**EXERCISE DIRECTIONS:**
Write down exactly the lines of the records below, beginning with the first and ending with the line that includes "Продам микроволновую печь".

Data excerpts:
============
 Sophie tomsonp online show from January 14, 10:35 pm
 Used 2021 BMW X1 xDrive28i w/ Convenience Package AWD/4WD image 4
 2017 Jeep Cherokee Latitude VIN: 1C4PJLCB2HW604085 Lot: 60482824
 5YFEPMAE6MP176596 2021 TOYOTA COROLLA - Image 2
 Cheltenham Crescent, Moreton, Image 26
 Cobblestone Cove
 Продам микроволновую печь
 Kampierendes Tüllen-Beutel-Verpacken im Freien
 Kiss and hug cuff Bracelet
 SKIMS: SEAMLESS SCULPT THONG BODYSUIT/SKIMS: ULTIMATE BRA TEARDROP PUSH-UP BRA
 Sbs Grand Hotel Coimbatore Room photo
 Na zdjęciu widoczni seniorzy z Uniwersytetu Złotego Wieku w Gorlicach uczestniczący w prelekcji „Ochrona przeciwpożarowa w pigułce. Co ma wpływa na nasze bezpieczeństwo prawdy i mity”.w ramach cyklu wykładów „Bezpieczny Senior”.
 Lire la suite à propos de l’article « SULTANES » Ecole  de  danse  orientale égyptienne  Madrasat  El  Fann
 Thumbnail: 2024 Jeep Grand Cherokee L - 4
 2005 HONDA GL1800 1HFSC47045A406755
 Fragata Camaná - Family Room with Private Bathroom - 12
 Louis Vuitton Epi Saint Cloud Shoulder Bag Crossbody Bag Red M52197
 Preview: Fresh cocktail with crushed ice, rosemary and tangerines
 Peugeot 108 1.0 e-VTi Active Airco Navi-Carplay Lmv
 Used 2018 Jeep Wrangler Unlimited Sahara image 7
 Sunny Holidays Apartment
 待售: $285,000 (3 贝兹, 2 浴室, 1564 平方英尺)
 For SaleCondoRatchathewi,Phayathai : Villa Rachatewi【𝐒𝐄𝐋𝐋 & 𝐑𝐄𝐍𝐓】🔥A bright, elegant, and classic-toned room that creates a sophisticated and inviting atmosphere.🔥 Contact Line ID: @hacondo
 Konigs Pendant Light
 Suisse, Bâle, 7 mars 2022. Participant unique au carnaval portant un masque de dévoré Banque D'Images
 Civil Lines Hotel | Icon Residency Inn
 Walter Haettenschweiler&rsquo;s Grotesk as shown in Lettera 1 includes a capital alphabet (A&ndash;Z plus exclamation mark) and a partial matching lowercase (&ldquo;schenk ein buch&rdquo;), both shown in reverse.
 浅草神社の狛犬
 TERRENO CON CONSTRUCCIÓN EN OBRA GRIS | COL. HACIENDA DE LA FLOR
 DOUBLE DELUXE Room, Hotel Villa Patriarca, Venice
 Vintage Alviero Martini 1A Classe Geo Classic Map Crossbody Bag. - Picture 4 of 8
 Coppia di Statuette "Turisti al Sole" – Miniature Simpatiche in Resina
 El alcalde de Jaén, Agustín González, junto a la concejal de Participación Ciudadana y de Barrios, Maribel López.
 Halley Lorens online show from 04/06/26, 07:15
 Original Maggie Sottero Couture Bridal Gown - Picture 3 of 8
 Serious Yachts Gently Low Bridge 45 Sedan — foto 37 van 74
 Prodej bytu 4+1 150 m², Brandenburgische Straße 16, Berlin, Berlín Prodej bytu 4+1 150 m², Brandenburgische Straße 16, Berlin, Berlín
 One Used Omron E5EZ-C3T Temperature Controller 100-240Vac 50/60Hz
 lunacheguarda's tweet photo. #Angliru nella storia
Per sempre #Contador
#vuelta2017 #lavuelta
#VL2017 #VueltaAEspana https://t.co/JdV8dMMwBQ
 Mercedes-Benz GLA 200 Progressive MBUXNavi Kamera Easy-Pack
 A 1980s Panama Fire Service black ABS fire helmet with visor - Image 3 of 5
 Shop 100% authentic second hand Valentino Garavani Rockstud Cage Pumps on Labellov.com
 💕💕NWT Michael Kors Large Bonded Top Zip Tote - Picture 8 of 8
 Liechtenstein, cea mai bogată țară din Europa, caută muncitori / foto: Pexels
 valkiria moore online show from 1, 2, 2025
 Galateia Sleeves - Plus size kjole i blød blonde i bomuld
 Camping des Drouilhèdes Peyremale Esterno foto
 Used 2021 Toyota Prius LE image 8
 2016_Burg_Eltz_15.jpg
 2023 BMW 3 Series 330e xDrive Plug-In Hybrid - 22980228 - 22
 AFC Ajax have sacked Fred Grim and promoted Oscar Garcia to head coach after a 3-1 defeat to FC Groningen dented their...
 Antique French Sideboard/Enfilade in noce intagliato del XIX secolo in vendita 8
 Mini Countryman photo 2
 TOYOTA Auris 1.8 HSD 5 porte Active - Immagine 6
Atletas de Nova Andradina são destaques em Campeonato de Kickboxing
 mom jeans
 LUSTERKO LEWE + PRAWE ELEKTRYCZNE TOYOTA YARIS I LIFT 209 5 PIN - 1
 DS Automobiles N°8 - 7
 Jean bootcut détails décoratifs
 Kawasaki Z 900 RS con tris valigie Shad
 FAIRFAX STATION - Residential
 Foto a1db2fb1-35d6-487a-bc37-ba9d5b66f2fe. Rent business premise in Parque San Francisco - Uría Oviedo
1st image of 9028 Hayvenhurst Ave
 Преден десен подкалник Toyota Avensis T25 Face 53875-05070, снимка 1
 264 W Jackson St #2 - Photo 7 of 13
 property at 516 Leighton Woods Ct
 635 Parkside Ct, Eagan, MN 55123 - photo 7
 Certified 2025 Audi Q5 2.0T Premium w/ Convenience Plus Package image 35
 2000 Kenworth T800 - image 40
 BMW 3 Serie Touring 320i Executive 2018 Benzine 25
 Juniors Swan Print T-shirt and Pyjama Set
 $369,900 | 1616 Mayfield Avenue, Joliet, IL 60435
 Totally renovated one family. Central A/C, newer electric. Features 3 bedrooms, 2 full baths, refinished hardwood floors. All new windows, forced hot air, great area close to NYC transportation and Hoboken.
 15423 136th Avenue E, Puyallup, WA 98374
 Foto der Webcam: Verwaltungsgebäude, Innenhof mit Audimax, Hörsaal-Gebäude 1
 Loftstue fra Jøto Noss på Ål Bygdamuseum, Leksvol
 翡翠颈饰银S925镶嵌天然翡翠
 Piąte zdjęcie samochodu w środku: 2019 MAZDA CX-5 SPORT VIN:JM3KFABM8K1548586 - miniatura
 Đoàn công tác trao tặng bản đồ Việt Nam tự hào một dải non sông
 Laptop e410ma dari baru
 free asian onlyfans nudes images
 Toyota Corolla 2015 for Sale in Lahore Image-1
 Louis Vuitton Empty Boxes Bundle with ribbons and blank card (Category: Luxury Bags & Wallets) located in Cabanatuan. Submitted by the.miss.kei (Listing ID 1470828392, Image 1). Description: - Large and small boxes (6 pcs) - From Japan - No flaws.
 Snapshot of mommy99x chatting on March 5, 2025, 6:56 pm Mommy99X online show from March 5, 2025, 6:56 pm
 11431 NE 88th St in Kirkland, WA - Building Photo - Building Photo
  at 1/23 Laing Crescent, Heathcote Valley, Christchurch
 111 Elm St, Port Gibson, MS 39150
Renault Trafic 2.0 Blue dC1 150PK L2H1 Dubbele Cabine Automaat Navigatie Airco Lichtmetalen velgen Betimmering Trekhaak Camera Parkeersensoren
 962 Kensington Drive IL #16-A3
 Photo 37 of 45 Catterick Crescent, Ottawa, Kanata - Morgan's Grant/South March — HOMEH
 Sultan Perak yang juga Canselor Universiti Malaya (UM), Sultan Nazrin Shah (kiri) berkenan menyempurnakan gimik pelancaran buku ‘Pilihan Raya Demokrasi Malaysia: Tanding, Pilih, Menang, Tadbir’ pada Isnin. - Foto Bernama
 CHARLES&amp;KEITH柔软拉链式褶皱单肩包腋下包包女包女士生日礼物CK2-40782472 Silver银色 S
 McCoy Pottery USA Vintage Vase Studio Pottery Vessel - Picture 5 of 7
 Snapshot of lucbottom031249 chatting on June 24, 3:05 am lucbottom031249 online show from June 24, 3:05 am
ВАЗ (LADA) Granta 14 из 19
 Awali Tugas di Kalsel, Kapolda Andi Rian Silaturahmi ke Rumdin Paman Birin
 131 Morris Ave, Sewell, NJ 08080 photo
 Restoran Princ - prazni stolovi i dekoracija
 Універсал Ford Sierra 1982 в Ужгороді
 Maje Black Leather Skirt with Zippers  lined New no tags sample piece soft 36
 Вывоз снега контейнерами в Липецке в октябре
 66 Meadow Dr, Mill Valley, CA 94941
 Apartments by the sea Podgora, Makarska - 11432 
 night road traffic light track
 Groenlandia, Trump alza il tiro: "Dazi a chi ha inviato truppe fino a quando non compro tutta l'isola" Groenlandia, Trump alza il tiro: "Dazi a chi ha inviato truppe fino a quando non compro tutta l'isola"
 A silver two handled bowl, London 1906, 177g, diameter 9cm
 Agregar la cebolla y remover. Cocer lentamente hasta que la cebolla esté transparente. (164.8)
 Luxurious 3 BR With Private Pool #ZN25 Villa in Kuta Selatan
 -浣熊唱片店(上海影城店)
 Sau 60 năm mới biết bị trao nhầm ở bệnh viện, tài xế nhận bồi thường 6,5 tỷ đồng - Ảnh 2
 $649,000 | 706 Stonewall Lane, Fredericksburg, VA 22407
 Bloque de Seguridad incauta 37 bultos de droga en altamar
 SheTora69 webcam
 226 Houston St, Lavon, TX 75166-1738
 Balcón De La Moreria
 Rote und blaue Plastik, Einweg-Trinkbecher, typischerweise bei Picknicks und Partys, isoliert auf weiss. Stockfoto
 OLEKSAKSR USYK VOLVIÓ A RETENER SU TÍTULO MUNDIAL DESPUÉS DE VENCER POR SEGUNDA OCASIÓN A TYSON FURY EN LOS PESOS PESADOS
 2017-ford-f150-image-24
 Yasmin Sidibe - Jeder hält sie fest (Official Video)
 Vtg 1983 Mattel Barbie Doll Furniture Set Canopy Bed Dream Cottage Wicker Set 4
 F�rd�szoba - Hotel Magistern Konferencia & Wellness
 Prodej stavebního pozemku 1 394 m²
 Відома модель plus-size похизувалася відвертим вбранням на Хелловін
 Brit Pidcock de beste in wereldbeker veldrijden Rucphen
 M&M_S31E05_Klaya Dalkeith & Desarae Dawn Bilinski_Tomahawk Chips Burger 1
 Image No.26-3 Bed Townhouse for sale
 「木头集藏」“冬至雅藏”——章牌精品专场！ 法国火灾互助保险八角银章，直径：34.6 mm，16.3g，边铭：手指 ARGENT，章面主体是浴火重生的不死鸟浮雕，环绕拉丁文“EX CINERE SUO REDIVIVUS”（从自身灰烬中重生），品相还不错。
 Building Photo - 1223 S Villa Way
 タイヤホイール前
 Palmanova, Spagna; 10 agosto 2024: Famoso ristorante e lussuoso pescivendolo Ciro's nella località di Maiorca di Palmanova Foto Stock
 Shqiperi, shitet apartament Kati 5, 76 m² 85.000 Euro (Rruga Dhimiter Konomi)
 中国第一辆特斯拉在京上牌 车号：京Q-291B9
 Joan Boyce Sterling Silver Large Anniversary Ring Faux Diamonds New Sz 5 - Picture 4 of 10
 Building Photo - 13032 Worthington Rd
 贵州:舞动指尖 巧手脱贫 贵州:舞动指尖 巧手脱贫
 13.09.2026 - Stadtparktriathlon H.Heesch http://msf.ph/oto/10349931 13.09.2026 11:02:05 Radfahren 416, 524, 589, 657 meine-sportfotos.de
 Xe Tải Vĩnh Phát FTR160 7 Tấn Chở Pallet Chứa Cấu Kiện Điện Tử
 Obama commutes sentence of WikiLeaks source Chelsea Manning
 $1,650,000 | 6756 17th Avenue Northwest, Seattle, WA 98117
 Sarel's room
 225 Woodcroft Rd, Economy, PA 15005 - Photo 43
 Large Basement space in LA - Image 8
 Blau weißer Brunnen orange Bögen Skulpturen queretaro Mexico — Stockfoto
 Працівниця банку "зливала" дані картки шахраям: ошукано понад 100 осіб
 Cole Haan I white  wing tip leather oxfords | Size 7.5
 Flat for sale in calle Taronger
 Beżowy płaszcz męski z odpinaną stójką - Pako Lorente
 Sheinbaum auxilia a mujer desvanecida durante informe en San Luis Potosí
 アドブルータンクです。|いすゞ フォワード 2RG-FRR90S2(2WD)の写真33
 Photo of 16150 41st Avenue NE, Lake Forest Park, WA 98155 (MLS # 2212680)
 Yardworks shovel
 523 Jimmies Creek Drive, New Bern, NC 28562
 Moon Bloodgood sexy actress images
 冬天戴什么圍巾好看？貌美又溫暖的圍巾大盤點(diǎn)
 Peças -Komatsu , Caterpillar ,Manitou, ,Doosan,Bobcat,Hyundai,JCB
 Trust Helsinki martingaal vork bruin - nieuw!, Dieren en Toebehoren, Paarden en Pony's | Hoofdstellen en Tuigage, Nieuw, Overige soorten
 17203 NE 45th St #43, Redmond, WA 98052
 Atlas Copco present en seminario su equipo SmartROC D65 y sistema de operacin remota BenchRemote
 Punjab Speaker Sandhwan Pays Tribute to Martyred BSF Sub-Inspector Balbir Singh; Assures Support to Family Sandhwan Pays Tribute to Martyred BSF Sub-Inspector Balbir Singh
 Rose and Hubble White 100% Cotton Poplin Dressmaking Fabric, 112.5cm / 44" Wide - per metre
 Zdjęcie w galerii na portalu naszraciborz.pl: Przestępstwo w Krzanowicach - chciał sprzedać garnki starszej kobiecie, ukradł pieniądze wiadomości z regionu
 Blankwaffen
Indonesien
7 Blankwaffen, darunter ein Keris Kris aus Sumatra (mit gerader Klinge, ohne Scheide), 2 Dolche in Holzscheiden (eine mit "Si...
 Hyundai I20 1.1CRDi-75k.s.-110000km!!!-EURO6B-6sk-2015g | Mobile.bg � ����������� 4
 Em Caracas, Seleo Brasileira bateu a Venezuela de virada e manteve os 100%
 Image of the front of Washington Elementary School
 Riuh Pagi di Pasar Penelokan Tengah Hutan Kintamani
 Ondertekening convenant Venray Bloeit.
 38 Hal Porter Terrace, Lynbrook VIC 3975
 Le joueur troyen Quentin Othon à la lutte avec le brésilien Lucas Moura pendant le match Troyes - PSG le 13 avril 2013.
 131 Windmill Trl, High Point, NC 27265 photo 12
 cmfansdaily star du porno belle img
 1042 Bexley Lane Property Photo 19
============
**RESULT OF THE EXERCISE:**
 Sophie tomsonp online show from January 14, 10:35 pm
 Used 2021 BMW X1 xDrive28i w/ Convenience Package AWD/4WD image 4
 2017 Jeep Cherokee Latitude VIN: 1C4PJLCB2HW604085 Lot: 60482824
 5YFEPMAE6MP176596 2021 TOYOTA COROLLA - Image 2
 Cheltenham Crescent, Moreton, Image 26
 Cobblestone Cove
 Продам микроволновую печь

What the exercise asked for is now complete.